We live in such a hyperconnected world that the notion of a pop culture phenomenon remaining confined to one place is all but obsolete. But there are still a few out there.
Shigeru Mizuki is a living icon in Japan, to the point where an entire street in his birthplace, Sakaiminato, is given over to bronze figures representing characters from his work, and the nearest airport has been renamed in his honour. If you’re not Japanese, though, or a serious manga cultist who has learned the language, you’ll be forgiven for not having heard of him. The 91-year-old cartoonist’s first publication in English came just two years ago, when Drawn & Quarterly brought out a translation of his remarkable World War II memoir, Onward Towards Our Noble Deaths.
Compelling as Onward is, it represents a side-trip from the author’s career-long obsession: yokais. This panoply of mythical “spirit monsters” is so deeply entrenched in Japan’s collective psyche that the word has no direct translation; Matt Alt, in his illuminating introduction, gives it a good try when he calls them “the things that go bump in Japan’s night.” A serious yokaischolar from an early age, Mizuki tapped into the popular mood when he came up with the character of Kitaro, a benevolent 350-year-old yokai who takes the earthly form of a young boy with jet-powered sandals, hair that doubles as antennae for the channelling of the spirit world, a magical protective vest woven from the hairs of his ancestors, and – last but not least – an empty eye socket often occupied by his father in the form of an anthropomorphic eye. In stories ranging from a few pages long to more than a hundred, the graveyard-frequenting boy goes about tending to everyone from illness-stricken individuals to entire cities – saving them from the more malevolent of his yokai brethren, and frequently from their own human folly.

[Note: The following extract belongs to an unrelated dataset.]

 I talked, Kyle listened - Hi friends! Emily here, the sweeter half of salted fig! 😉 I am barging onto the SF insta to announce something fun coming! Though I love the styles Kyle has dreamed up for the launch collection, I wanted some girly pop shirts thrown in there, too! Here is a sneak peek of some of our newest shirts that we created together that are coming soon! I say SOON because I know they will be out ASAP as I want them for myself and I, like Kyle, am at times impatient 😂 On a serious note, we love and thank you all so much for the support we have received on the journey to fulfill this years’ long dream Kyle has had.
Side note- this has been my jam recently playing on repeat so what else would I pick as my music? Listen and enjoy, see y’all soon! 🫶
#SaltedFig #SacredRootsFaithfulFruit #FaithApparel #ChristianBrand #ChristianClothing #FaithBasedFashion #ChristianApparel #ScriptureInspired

For manga newbies, indeed for anyone not accustomed to a lot of fantasy in their reading, this may all sound like at least one contrivance too many, but Mizuki renders his parallel world with such complete assurance that all such reservations quickly fall away. It helps that his settings are very much those of a recognizable Japan, drawn with a stylized realism that counterbalances the fantastic yokai goings-on perfectly. Among many other things, this book constitutes a tour of Japanese cultural touchstones. One of those is baseball, and Mizuki gives the sport its due in “Monster Night Game,” in which a player discovers a magic bat and soon has to choose between home-run omnipotence and his soul.
Elsewhere, “Ghost Train” follows a pair of Tokyo hipsters as they get definitively disabused of their smug disbelief in monsters; “The Great Yokai War” functions as a (possibly ironic) protest against the encroachment of Western pop monsters into post-war Japan. We’re reminded that these stories, for all their otherworldly timelessness, date from 1967 through 1969, and that the spirit of protest sweeping the western world at that time had very much reached Japan and had a voice in Mizuki and Kitaro; the stories’ scepticism about violence as a problem-solver is all the more powerful coming from an artist who lost an arm as a soldier.

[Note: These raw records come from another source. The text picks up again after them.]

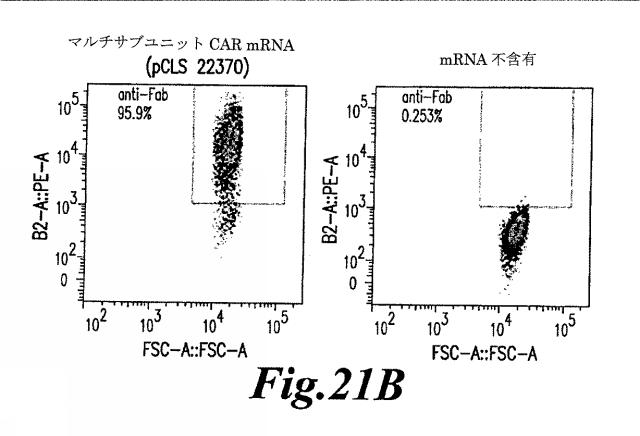 6463672-ＴＣＲアルファ欠損Ｔ細胞を増殖させるためのプレＴアルファまたはその機能性変種の使用 図000056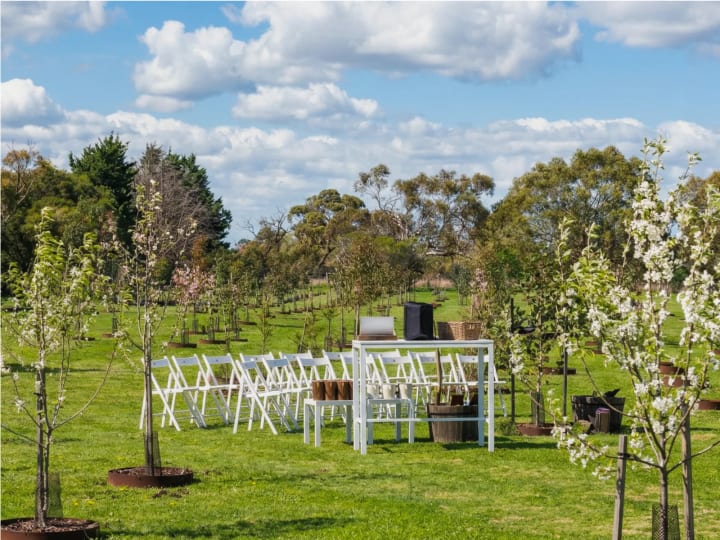 White ceremony chairs set up among blossoming young trees in the Mornington Green Living Legacy Garden.
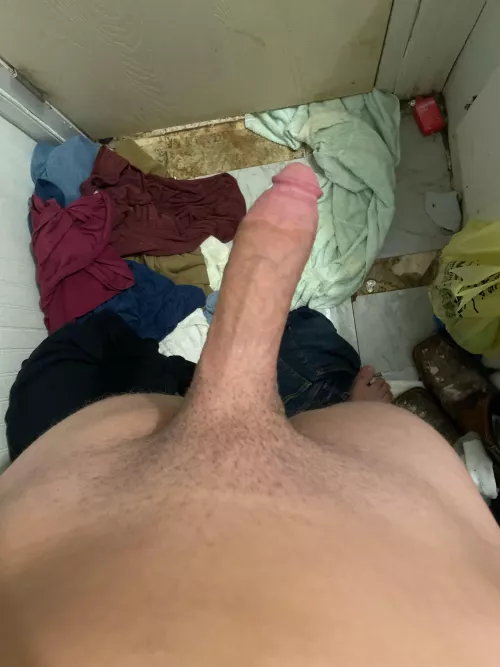 You love this fat cock 19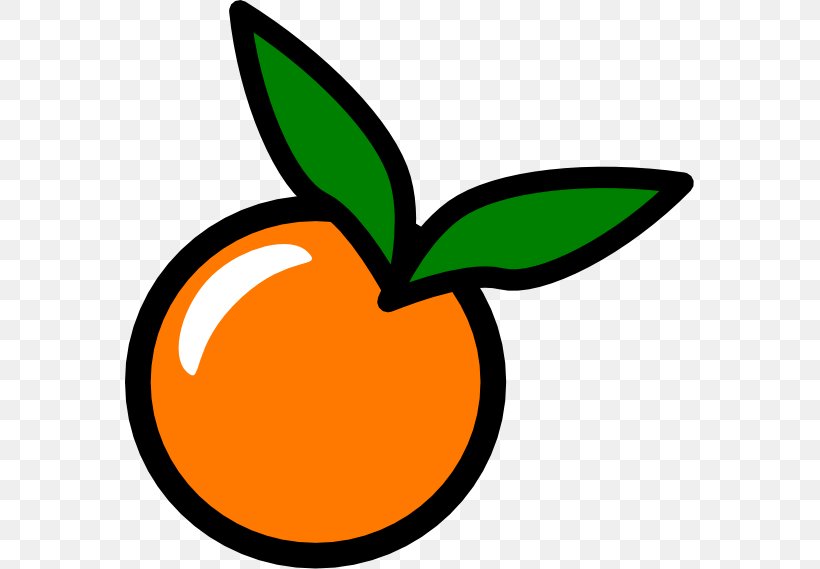 Juice Orange Icon, PNG, 569x569px, Juice, Apple, Artwork, Citrus, Flower Download Free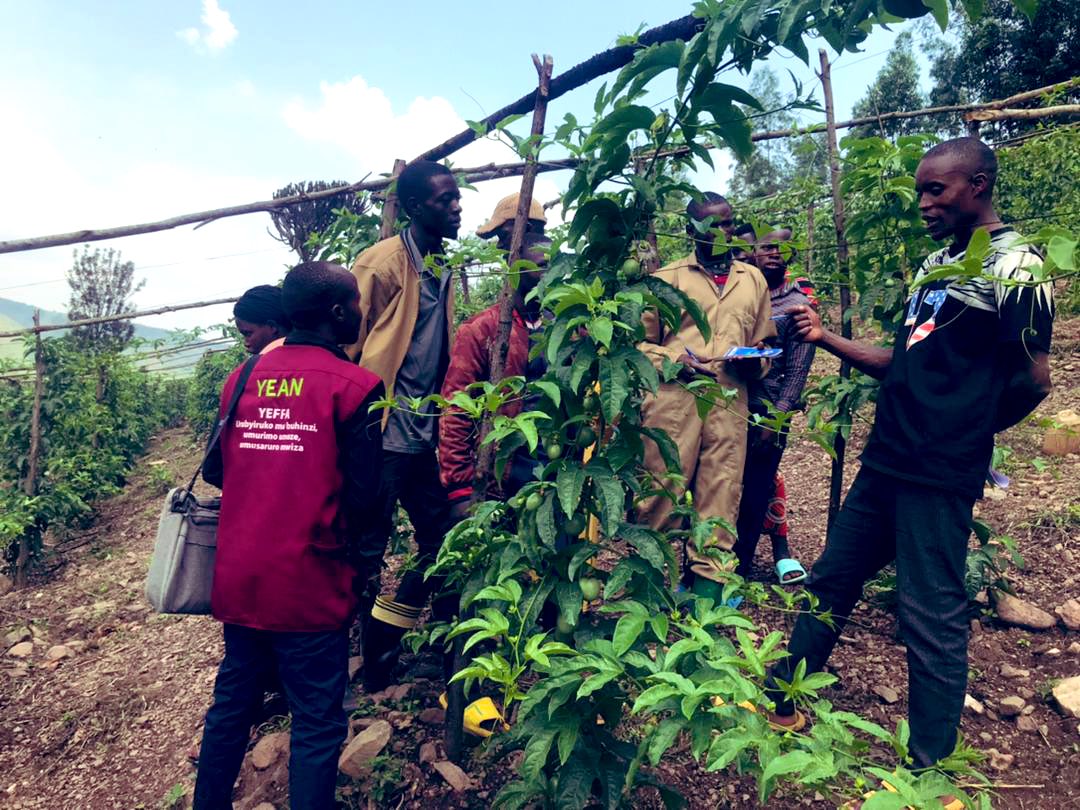 YEAN_Agro's tweet photo. We appreciate the passion, dedication, and resilience of young people in agriculture. They are driving innovation, ensuring food security, and shaping a sustainable future. This is not only just a product of hard work but a testament to the power of youth in transforming agriculture. Let’s continue to support and invest in young agripreneurs for a thriving and food-secure tomorrow!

A final note: this book honours traditional Japanese practice in being designed to be read from right to left, both on the page and within individual panels. I mention this only because I still occasionally meet people reluctant to take on the reading of manga because they think the whole “backwards” thing will trip them up. Trust me, within three pages or so it feels perfectly natural. Besides, what better way of encountering a new world than by reading in a new way?